Serial memory controller for data centre computing
As the computational demands of artificial intelligence (AI) and machine learning workloads accelerate, traditional parallel attached DRAM memory has presented a major roadblock for next-generation CPUs, which require an increased number of memory channels to deliver more memory bandwidth.
Microchip Technology announced an expanded data centre portfolio and its entrance into the memory infrastructure market with the industry’s first commercially available serial memory controller.
The SMC 1000 8x25G enables CPUs and other compute-centric SoCs to utilise four times the memory channels of parallel attached DDR4 DRAM within the same package footprint. Microchip’s serial memory controllers deliver higher memory bandwidth and media independence to these compute-intensive platforms with ultra-low latency.
As the number of processing cores within CPUs has risen, the average memory bandwidth available to each processing core has decreased because CPU and SoC devices cannot scale the number of parallel DDR interfaces on a single chip to meet the needs of the increasing core count.
The SMC 1000 8x25G interfaces to the CPU via 8-bit Open Memory Interface (OMI)-compliant 25Gbps lanes and bridges to memory via a 72-bit DDR4 3200 interface. The result is a significant reduction in the required number of host CPU or SoC pins per DDR4 memory channel, allowing for more memory channels and increasing the memory bandwidth available.
A CPU or SoC with OMI support can utilise a broad set of media types with different cost, power and performance metrics without having to integrate a unique memory controller for each type. In contrast, CPU and SoC memory interfaces today are typically locked to specific DDR interface protocols, such as DDR4, at specific interface rates. The SMC 1000 8x25G is the first memory infrastructure product in Microchip’s portfolio that enables the media-independent OMI interface.
Data centre application workloads require OMI-based DDIMM memory products to deliver the same high-performance bandwidth and low latency results of today’s parallel-DDR based memory products. Microchip’s SMC 1000 8x25G features an innovative low latency design that delivers less than 4ns incremental latency to the first DRAM data access and identical subsequent data access performance. This results in OMI-based DDIMM products having virtually identical bandwidth and latency performance to comparable LRDIMM products.
“Microchip is excited to introduce the industry’s first serial memory controller device to the market,” said Pete Hazen, Vice President of Microchip’s Data Center Solutions business unit. “New memory interface technologies such as Open Memory Interface (OMI) enable a broad range of SoC applications to support the increasing memory requirements of high-performance data centre applications. Microchip’s entrance into the memory infrastructure market underscores our commitment to improving performance and efficiency in the data centre.”
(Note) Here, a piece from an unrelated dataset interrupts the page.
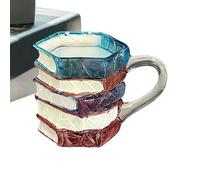 Tasse en verre de livre en 3D - 8,2 x 8,5 cm Tasse résistante à la chaleur inspirée littéraire, tasse à café et thé de livre empilée créative | Tasse cadeau de lecture pour les amateurs de livres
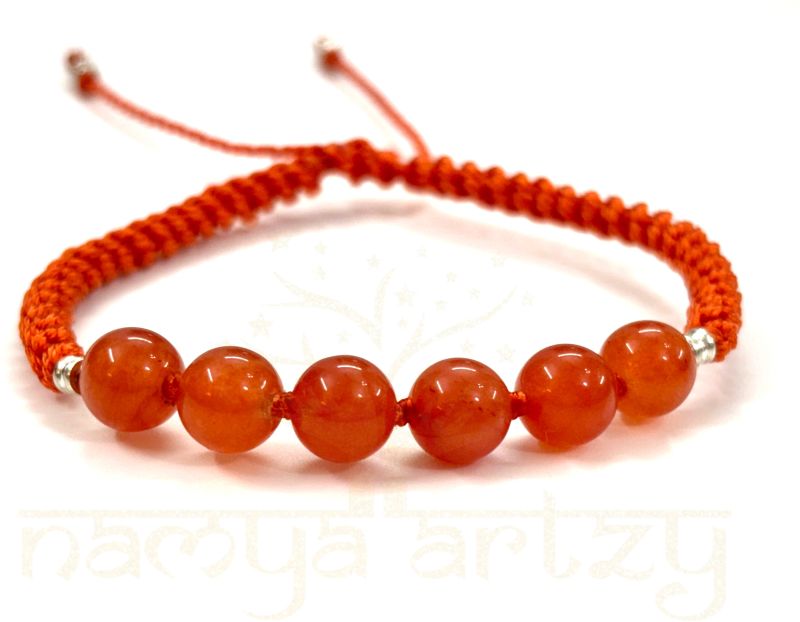 Handmade, Natural & Beautiful 8mm Carnelian Gemstone Hand-Knotted Macrame Healing Bracelet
“IBM customer workload requirements are increasingly memory-intensive, which is why we have made the strategic decision for POWER processor memory interfaces to utilise OMI standard interfaces to increase memory bandwidth,” said Steve Fields, Chief Architect of IBM Power Systems. “IBM appreciates the partnership with Microchip to deliver this solution.”
SMART Modular, Micron and Samsung Electronics are building multiple pin-efficient 84-pin DDR4 Differential Dual-Inline Memory Modules (DDIMM) with capacities ranging from 16GB to 256GB. These DDIMMs will leverage the SMC 1000 8x25G and will seamlessly plug into any OMI-compliant 25Gbps interface.
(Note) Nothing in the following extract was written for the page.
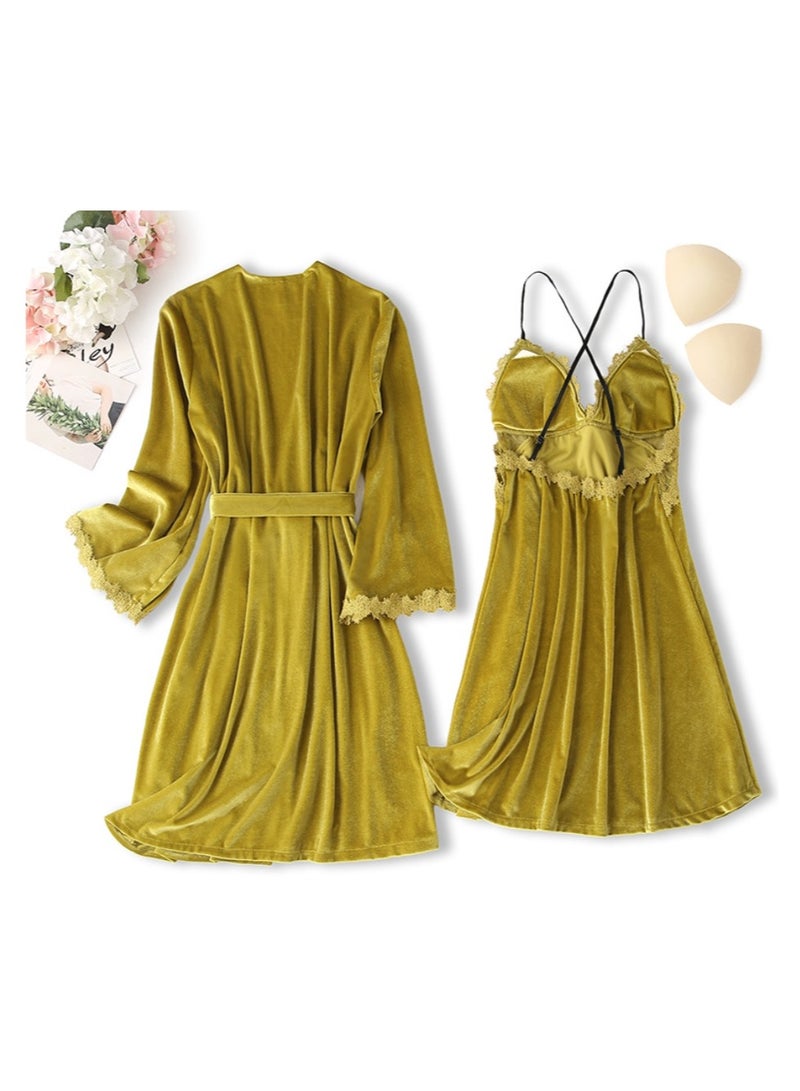 KUYING New Two Piece Golden Velvet Sleepwear Set - Image 2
“The Open Memory Interface (OMI) standard delivers a pin-efficient serial memory interface so a broad range of CPU and SoC applications can both scale memory bandwidth and seamlessly transition between an increasing number of emerging media types such as storage class memory,” said Myron Slota, President of the OpenCAPI Consortium. “The OpenCAPI consortium provides royalty-free host and target IP, as well as drives a broad set of initiatives to ensure standards compliance.”
“Google customers benefit from data intensive applications such as machine learning and data analytics that require high performance memory,” says Rob Sprinkle, Technical Lead for Platforms Infrastructure at Google LLC. “Google strongly supports open standards-based initiatives such as the Open Memory Interface (OMI), which provides a high-performance memory interface to meet these important bandwidth and latency performance goals.”